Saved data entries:
────────

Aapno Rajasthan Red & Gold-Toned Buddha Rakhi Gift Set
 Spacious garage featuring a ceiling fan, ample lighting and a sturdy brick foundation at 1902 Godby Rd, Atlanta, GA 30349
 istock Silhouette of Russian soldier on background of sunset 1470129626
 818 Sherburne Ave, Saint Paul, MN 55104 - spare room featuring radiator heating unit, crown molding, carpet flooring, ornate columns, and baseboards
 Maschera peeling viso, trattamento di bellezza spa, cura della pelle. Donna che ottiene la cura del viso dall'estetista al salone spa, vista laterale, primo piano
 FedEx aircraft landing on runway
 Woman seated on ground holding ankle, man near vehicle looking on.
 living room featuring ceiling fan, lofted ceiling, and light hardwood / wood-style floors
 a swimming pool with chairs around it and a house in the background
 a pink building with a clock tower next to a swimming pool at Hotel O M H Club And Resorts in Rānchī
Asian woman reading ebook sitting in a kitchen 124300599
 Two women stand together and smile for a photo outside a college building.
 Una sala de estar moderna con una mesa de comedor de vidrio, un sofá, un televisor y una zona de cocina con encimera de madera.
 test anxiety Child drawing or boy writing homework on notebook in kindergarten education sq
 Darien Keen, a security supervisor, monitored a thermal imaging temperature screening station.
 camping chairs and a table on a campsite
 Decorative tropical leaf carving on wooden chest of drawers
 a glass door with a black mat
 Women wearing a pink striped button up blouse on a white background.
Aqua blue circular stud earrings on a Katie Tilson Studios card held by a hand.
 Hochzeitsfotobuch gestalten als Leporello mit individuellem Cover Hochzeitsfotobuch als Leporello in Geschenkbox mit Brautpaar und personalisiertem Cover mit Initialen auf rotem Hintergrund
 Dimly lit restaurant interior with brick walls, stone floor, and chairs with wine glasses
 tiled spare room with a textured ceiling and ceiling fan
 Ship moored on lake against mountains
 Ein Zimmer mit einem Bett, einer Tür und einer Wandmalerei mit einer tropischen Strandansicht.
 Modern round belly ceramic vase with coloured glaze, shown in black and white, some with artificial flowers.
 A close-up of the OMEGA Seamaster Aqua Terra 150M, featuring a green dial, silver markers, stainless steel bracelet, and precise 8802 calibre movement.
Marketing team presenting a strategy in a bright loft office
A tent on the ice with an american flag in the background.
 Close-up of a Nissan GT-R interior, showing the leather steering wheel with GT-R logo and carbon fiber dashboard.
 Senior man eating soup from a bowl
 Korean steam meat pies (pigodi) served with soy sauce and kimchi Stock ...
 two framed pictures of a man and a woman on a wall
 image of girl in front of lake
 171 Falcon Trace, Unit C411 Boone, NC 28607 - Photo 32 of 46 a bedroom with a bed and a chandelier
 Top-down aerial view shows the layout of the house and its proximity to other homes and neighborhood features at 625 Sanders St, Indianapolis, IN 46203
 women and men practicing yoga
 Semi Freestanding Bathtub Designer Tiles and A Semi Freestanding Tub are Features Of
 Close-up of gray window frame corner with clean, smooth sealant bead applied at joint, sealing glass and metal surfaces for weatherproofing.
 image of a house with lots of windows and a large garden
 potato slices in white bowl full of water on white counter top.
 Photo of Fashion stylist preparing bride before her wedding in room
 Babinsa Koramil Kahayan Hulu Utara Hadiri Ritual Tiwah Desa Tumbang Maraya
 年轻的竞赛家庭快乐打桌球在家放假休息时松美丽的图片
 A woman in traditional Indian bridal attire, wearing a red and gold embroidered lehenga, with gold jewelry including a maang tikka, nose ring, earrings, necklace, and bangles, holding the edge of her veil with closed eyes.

────────

[WHAT IS BEING ASKED]
Go through the entries and return each line where the word "building" occurs.

[WRITTEN ANSWER]
 a pink building with a clock tower next to a swimming pool at Hotel O M H Club And Resorts in Rānchī
 Two women stand together and smile for a photo outside a college building.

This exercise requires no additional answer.